**GIVEN INFORMATION**

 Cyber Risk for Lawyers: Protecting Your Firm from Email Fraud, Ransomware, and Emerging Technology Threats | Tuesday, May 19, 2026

...

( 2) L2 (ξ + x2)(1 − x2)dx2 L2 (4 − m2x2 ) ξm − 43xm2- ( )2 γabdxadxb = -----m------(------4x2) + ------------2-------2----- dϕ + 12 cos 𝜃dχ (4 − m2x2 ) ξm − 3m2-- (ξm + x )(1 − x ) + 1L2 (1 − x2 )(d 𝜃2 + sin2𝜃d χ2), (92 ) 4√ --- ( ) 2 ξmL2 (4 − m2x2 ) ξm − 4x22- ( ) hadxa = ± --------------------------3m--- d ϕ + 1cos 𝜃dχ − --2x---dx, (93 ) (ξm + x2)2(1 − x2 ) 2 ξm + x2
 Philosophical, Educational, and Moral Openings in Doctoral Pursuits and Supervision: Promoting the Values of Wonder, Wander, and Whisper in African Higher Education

**ACTIVITY**
Look above for the line that contains "( 2) L2 (ξ + x2)(1". Starting there, transcribe every line exactly until you have copied the line that contains "Philosophical, Educational, and".

**TASK RESULT**
( 2) L2 (ξ + x2)(1 − x2)dx2 L2 (4 − m2x2 ) ξm − 43xm2- ( )2 γabdxadxb = -----m------(------4x2) + ------------2-------2----- dϕ + 12 cos 𝜃dχ (4 − m2x2 ) ξm − 3m2-- (ξm + x )(1 − x ) + 1L2 (1 − x2 )(d 𝜃2 + sin2𝜃d χ2), (92 ) 4√ --- ( ) 2 ξmL2 (4 − m2x2 ) ξm − 4x22- ( ) hadxa = ± --------------------------3m--- d ϕ + 1cos 𝜃dχ − --2x---dx, (93 ) (ξm + x2)2(1 − x2 ) 2 ξm + x2
 Philosophical, Educational, and Moral Openings in Doctoral Pursuits and Supervision: Promoting the Values of Wonder, Wander, and Whisper in African Higher Education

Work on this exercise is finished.